This year i have also joined the caravan and motorhome club just thought it may provide more opportunities for stop overs if required due to the current situation.  Some of the CL's look nice.
I love wilding but may need to be adaptable for the near future.


----------



## antiquesam (Jul 17, 2020)

mjvw said:


> That's great nice to have some positive news, I have used loch lomond camping permit last year as i normal stop overnight in the area before moving up North.
> This year i have also joined the caravan and motorhome club just thought it may provide more opportunities for stop overs if required due to the current situation.  Some of the CL's look nice.
> I love wilding but may need to be adaptable for the near future.

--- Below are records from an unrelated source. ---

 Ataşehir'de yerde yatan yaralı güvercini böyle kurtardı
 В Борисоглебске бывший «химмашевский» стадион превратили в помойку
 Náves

I fully agree. We don't want to frighten the natives because I was always told frightened animals are dangerous.


----------



## Wooie1958 (Jul 17, 2020)

antiquesam said:


> I don't think Cumbria want you either. They have been saying stay away, but our tourist industry is going broke so would the government kindly give us a handout.



Took the motorhome out yesterday for a good run to free everything up and ended up by the harbour in Maryport for dinner.

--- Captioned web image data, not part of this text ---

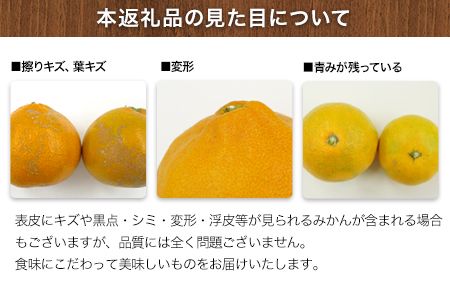 ご家庭用訳あり 熊本県玉東町産限定『坂田農園』のご家庭用みかん 大容量 約10kg(S-3Lサイズ)  フルーツ 秋 旬 玉東町70年のベテラン！濃厚な食味とジューシーな果汁 熊本県玉東町《10月上旬-1月末頃出荷》---gkt_skt_6_10kg---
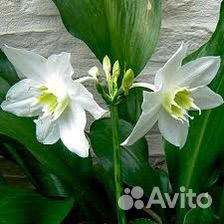 Эухариус (Амазонская лилия)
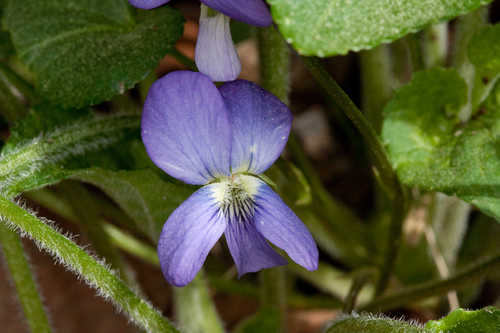Viola septentrionalis #6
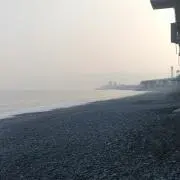 ★★★西湘爆笑族★★★の画像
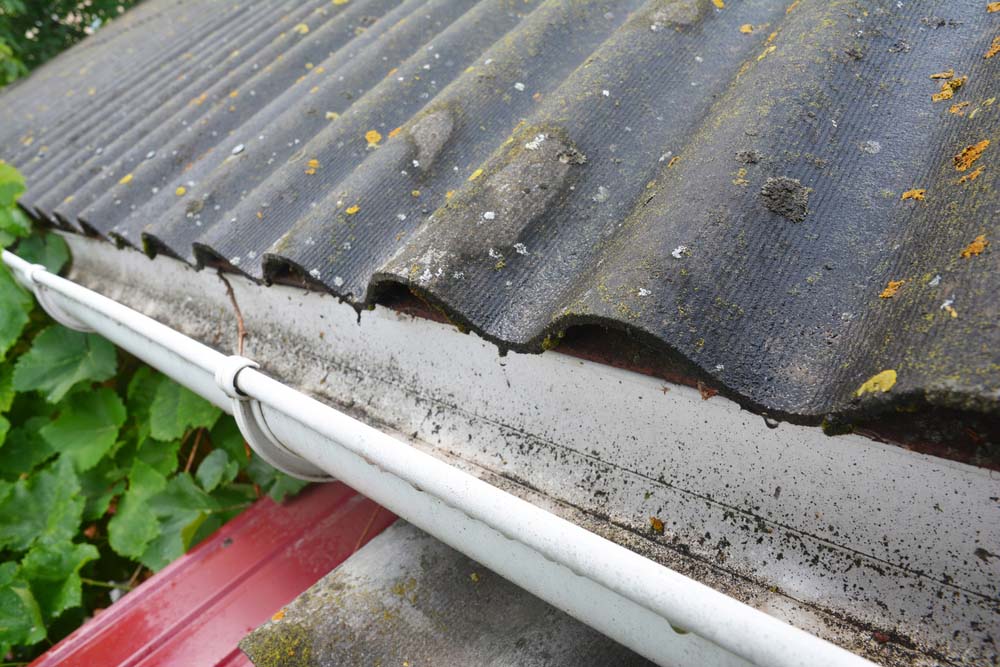 rainy roof gutter with mold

Went straight over to the Pay&Display machine and duly paid for 2 hours parking, £1.60 done contactless on the machine.

On the way back to the motorhome i got several sarcastic remarks obviously from locals all saying basically     .....................    fcuk off back to where you live       

One thing i did notice was that none of the locals parking up went anywhere near the Pay&Display machine so clearly did not pay for parking.

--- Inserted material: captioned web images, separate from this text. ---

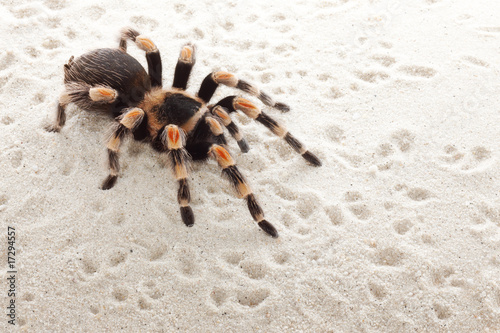 czerwona-tarantula-kolana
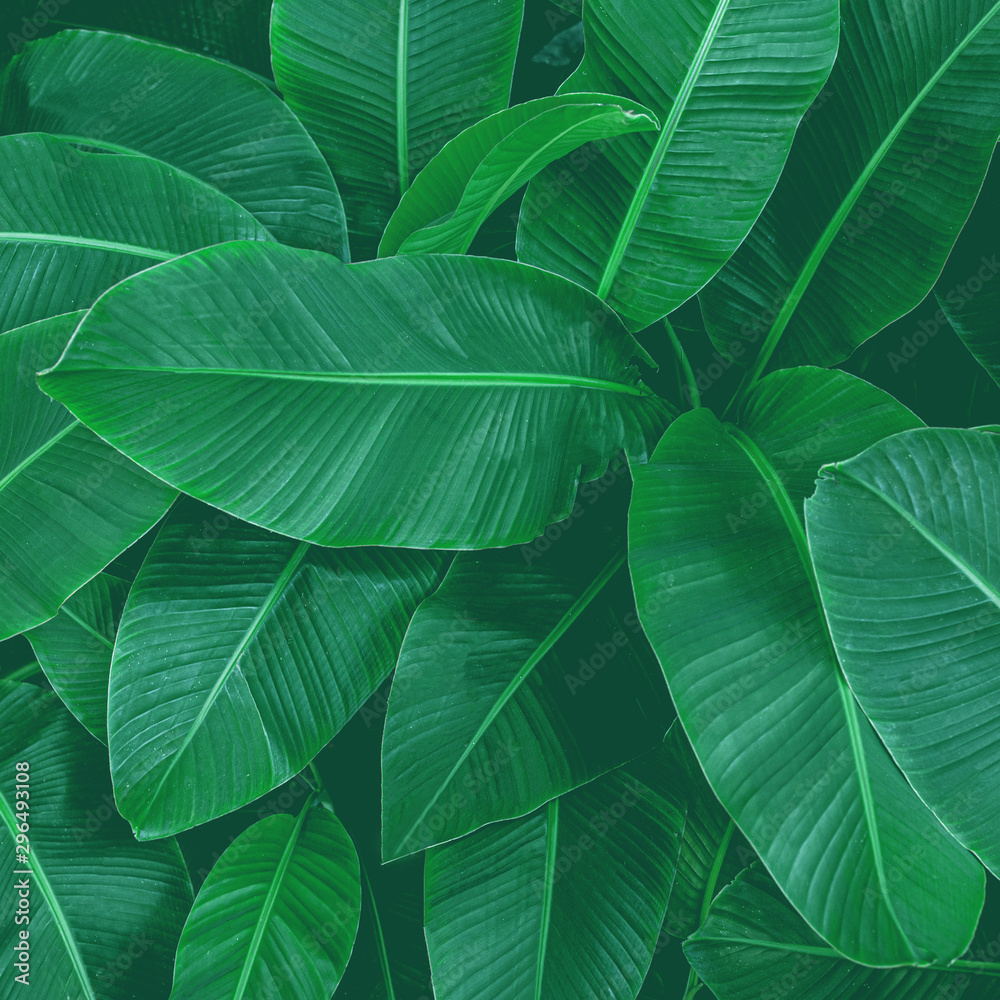 Fototapeta premium tropical banana leaf texture in garden, abstract green leaf, large palm foliage nature dark green background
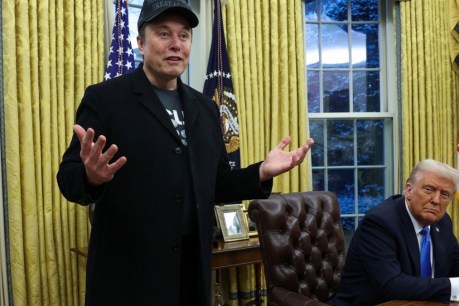 Musk 'leveraged Trump access for gain': Report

None of them had any form of Parking Permits either so the wankers were obviously screwing their own council by not paying.


----------



## antiquesam (Jul 17, 2020)

Wooie1958 said:


> Took the motorhome out yesterday for a good run to free everything up and ended up by the harbour in Maryport for dinner.
> 
> Went straight over to the Pay&Display machine and duly paid for 2 hours parking, £1.60 done contactless on the machine.
> 
> ...


I'm getting thoroughly brassed off by these so called tourist areas who rely to a great extent on peoples holiday spending to survive and yet seem to despise the hand that feeds them. Perhaps the pandemic has revealed their true feelings and we should oblige them by staying away for the next twelve months or so and hope they can live off whatever scraps the government has already given them.


----------



## pj650 (Jul 17, 2020)

Hi Wooie
Sorry to hear of your experience.
We were at Maryport last Sunday with the van
down by the harbour and it was very busy. Had a walk to the ice cream van. Lots of people around who saw us leave the van......and we never heard a wrong word. Chances are they weren't locals.
But as you say, they were wan**rs !


----------



## Tonybvi (Jul 17, 2020)

Went to Ballater (in the car) on Wednesday.  We are often there and know a lot of the shop owners who know that we stay there in the motorhome sometimes.  It is the first time we have been since lockdown and nearly everybody we knew asked if we were in the van.  When I said we had gone in the car because we were a bit uncomfortable about the reception we might get with the motorhome they were all a bit shocked and said they welcomed motorhomers and caravanners (and of course the money they bring in to the area!).  They couldn‘t understand my reluctance to take the motorhome.
As usual I feel that the anti-motorhomer brigade are a real minority but they are very vocal.


----------



## Fisherman (Jul 17, 2020)

Tonybvi said:


> Went to Ballater (in the car) on Wednesday.  We are often there and know a lot of the shop owners who know that we stay there in the motorhome sometimes.  It is the first time we have been since lockdown and nearly everybody we knew asked if we were in the van.  When I said we had gone in the car because we were a bit uncomfortable about the reception we might get with the motorhome they were all a bit shocked and said they welcomed motorhomers and caravanners (and of course the money they bring in to the area!).  They couldn‘t understand my reluctance to take the motorhome.
> As usual I feel that the anti-motorhomer brigade are a real minority but they are very vocal.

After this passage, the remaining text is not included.